Air Force medic vs Navy Medic? - page 2

Does anyone know who has a better prgram?... Read More

  1. by   RNSuzq1
    Paul,

    If your brother is serious about this, definitely try to find a military site on the net where you might talk to Navy Doc's. Better yet, call your nearest Naval Hospital, see if he can set up an appt. with one of their younger Doc's - just tell them you'd like to discuss the Navy Med. Corps with them, I'm sure they'll gladly talk to you.

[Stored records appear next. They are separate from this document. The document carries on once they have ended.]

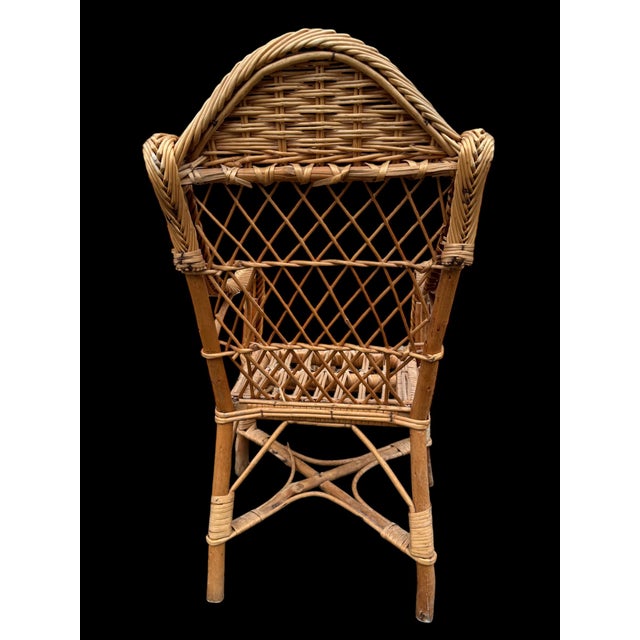 Brown Children's Rattan Armchair, 1950s For Sale - Image 8 of 13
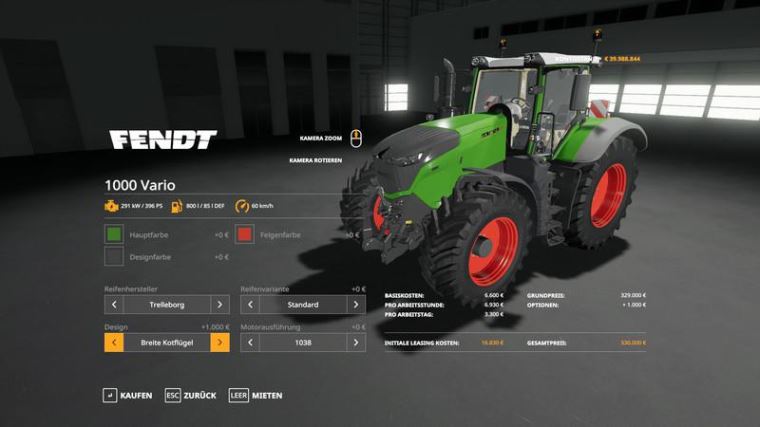 Мод Fendt 1000 Vario v 1.0.0.2 для Farming Simulator 2019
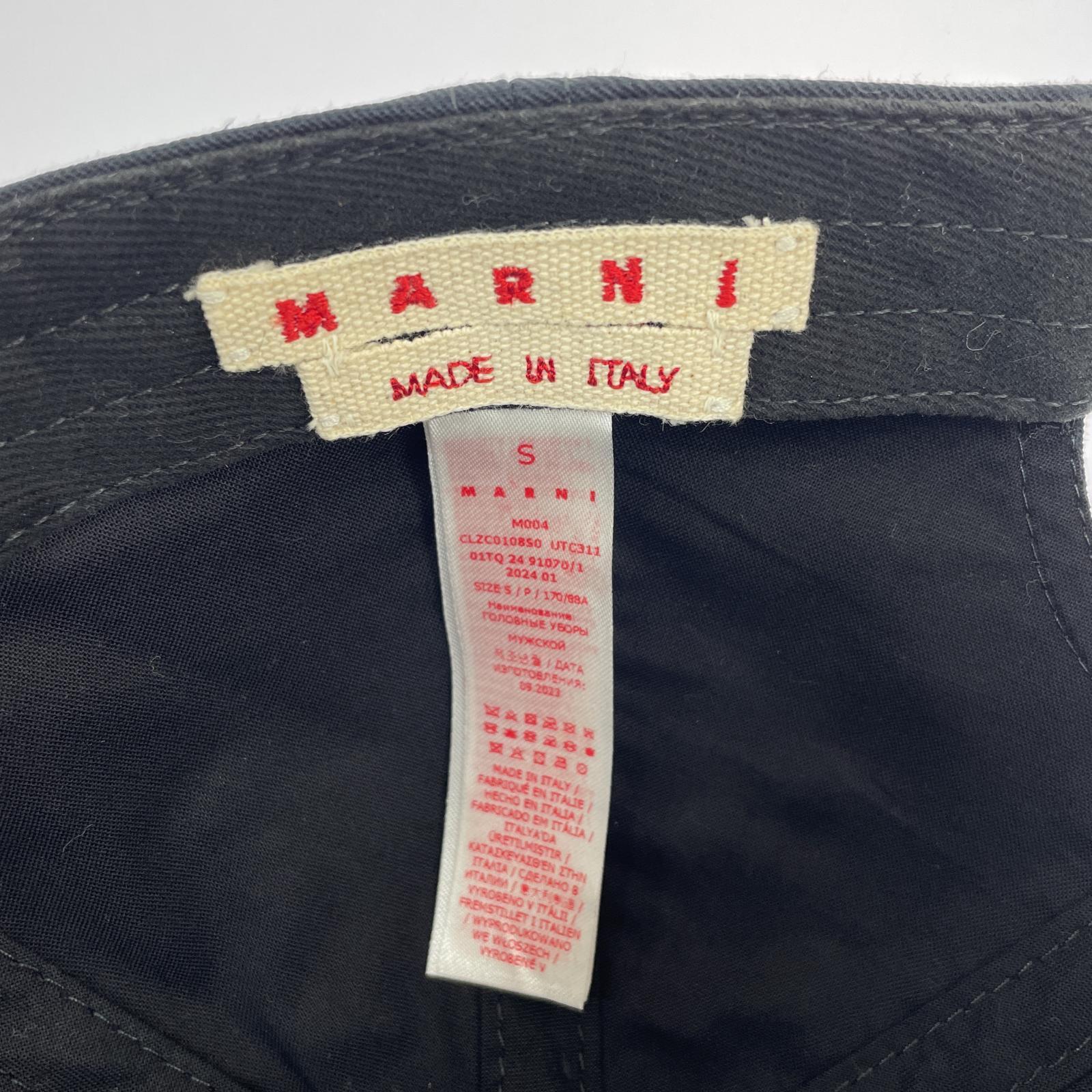 その他帽子 MARNI 24SS 刺繍ロゴ ベースボールキャップ S 黒 CLZC0108S0 ブラック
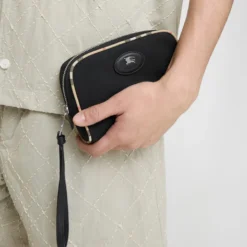 Small Check Trim Travel Pouch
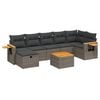 vidaXL Salon de jardin 8 pcs avec coussins gris r&eacute;sine tress&eacute;e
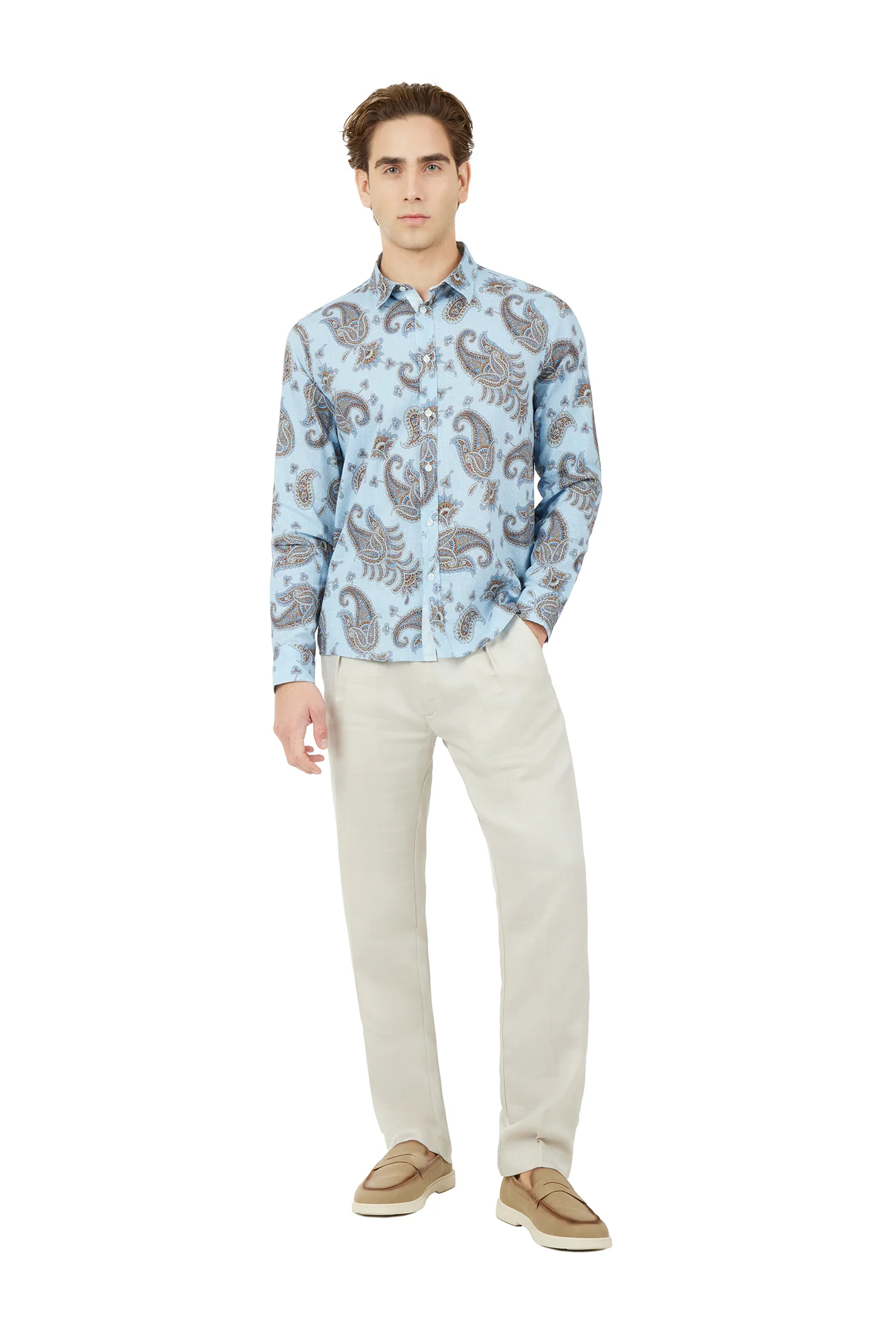 Camicia comfort fit misto lino Paisley - Image 3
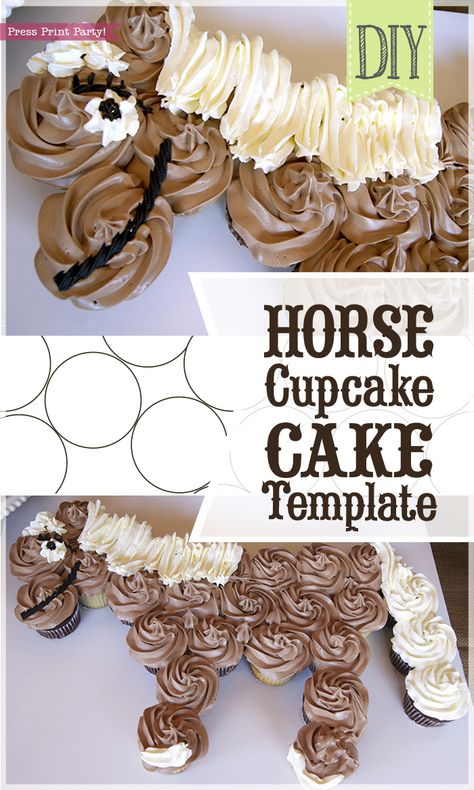 Horse Cupcake Cake Template - Unicorn cupcake cake - horse birthday cake - by Press Print Party! Horse Cupcake Cake, Unicorn Cupcake Cake, Horse Birthday Cake, Cowgirl Cakes, Cowboy Cakes, Horse Birthday Parties, Cake Kids, Cake Templates, Horse Cake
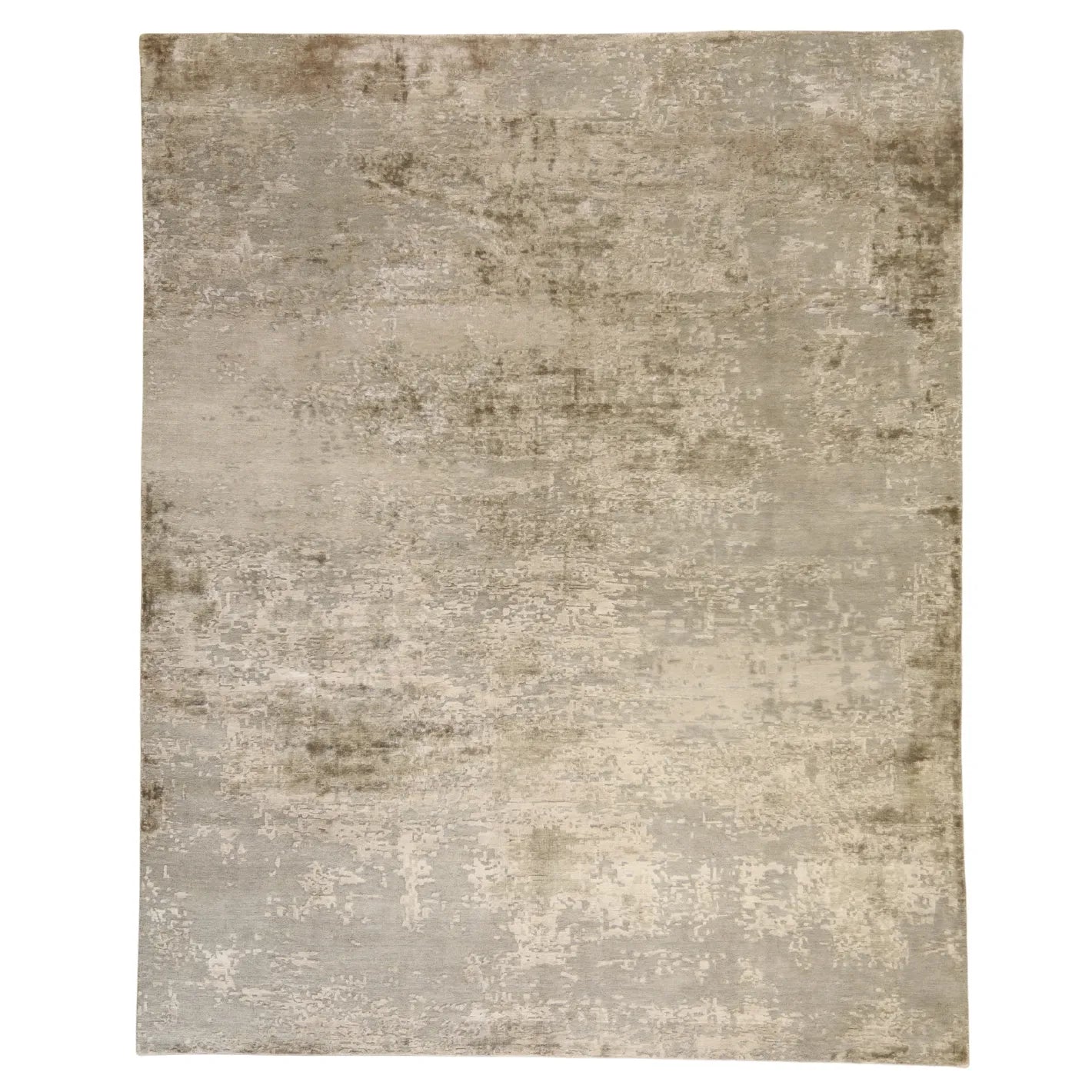 8'0" x 10'0" SILVER AND GRAY MODERN INDIAN MODERN RUG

    As a Corpsman, I worked with tons of MD's. Some loved the Navy, made it their career, worked their way through the ranks, ended as Command Captains, etc. Most, just stayed in long enough to pay the Navy back for Medical School, then went into private practice. You don't pay it in money, it's paid with time served. Not sure what it is now, but I think they used to make them stay in about 6 years. Your Brother will get a fantastic Medical Education in the Navy, but since they spend a fortune to educate/train people, just trust me, they get out of you what they put in.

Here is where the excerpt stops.